Department store sales fell 3.1 percent in 2010, the 14th consecutive year of declines. Sales totaled about $70 billion, the lowest since 1982.

Department stores have fallen on such hard times that some have suggested they might disappear completely. Four major department store operators recorded big drops in sales in 2008, with sales plunging more than 30 percent from their peak. Drops in sales have been blamed on cost-conscious shopping during economic hard times and competition from mass retailers that sell products such as clothing and home electrical appliances at much lower prices.

To survive department stores have launched aggressive and harsh cost-cutting measures and have begun offering lower prices to compete better with mass retailers. They have also been striking deals with fast-fashion brands like U.S.-based Forever 21, Japan-based Uniqlo and Sweden-based H&M to offer trendy clothes at lower prices in their stores.

The death of department stores could have a profound impact on local economies. Not only would the loss cause a large number of job losses it also leave big holes in what were often prime downtown or commercial areas, bringing less customers to the area and generating a negative impact on businesses there.

Mitsukoshi Department Store — a fixture of Ginza — underwent extensive renovation and expansion and reopened in September 2010. The overhaul not only boosted sales for the department store itself but gave a lift to all of Ginza.

Osaka-based Daimaru and Nagoya-based Matsuzkaya Daimaru and Matsuzakaya, two large department stores, are scheduled to merge in March 2010 to create Japan’s largest department store group The two department stores integrated their businesses in 2007. Matsuzakaya was the second largest department store chain in the Asia-Pacific region and Daimaru was the sixth largest in the region in 2005 based on returns.

Discount Stores in Japan

department store in Kobe
More and more Japanese are getting into “ba-gahn” hunting at “desu-kounto” stores or “outoretto” (outlet) especially when there is a puraisa-offu (price-off) sale. At one discounter, Outlet Mall Rism, Burberry trench coats sell for $990 (normal price $1,100, American price $600), Tony Llama western boots go for $308 (American price $200) and Bula Snowboarders gloves can be purchased for $111 (American price $65).
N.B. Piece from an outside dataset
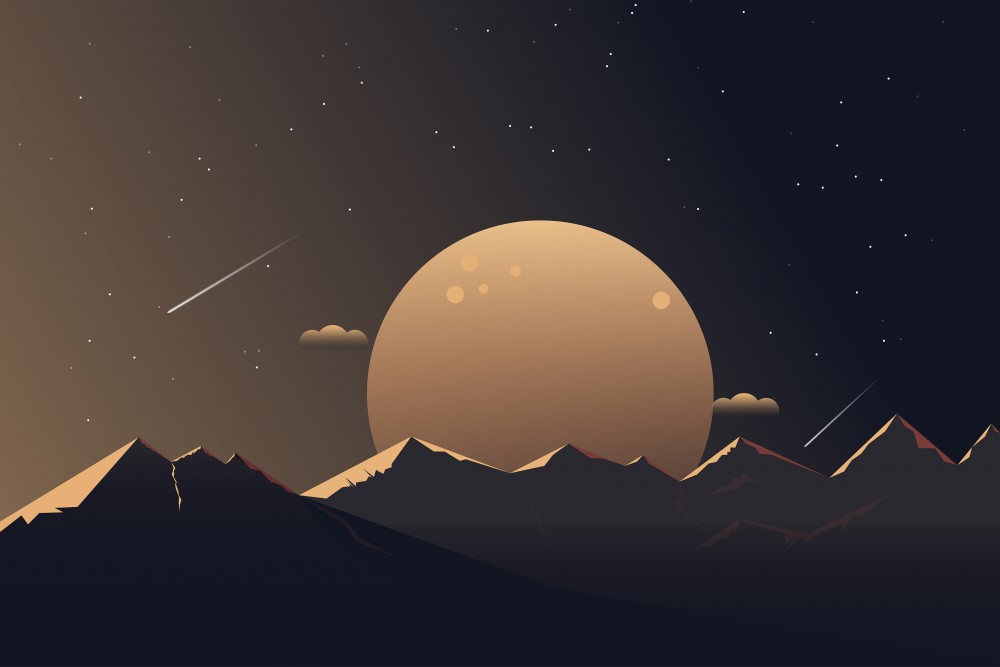 月亮云朵夜晚流星高清壁纸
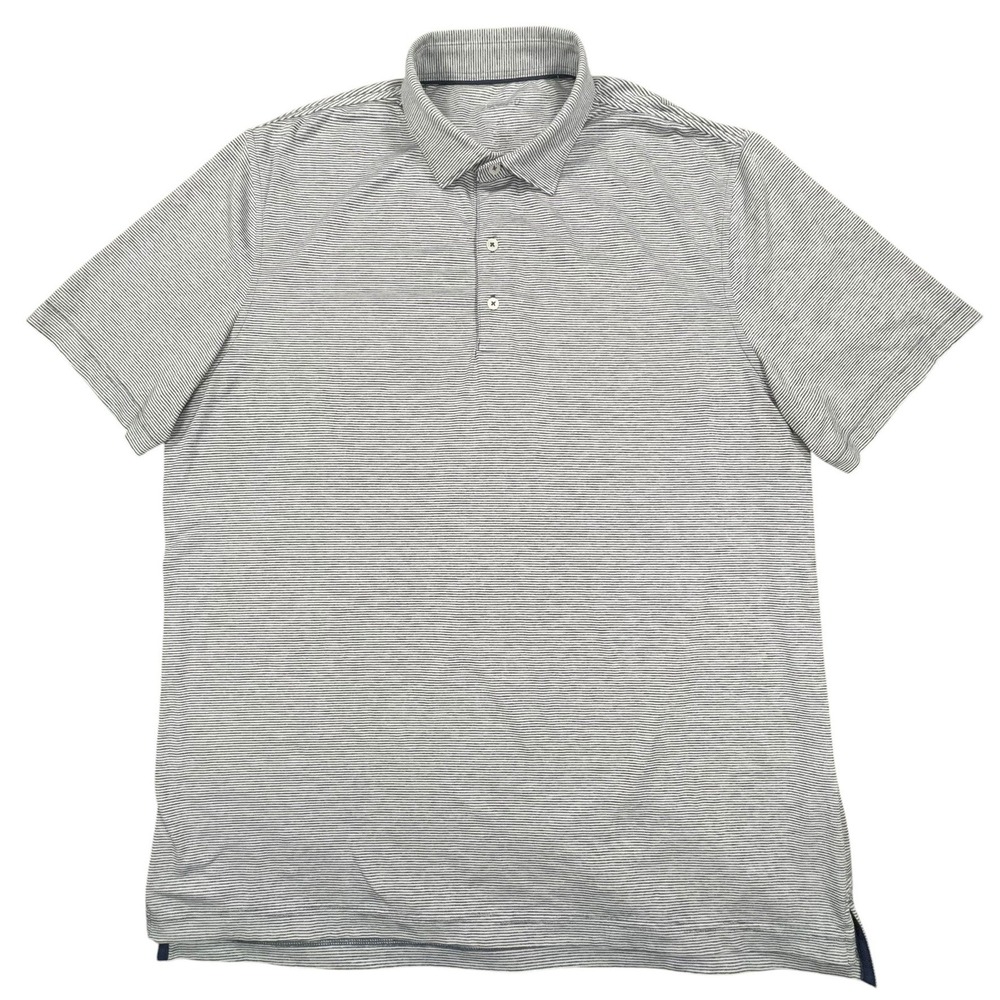 Johnnie-O Lyndon Polo Shirt‎ Mens XL Gray Heather Yankee Stripe Performance UPF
The strong yen has meant that goods from abroad can be purchased at a cheaper price by Japanese . Bucking the trend of buying domestic products for the good of the country, many Japanese are looking out for themselves and buying cheap foreign goods. The opening of the bargain stores has been made possible by reductions of regulations that was largely brought about by American pressure.

These days Japan is full of 100 Yen stores (stores that specialize in selling items that generally cost less than $1) and discount hair salons (that offer haircut for $15 compared to the usual $40). Starbucks has also done phenomenally well, opening up hundreds of coffee shops that sell large of coffee for $3 as opposed to tiny cups for $5 as is the case at a typical Japanese coffee shop.


Isao Nakauchi, a man who has been called the Sam Walton of Japan, pioneered Japanese discounting. He founded Daiei, which at its peak was Japan's biggest retailer with 365 discount stores where one could buy 40 cent cans of cola and other discounted items.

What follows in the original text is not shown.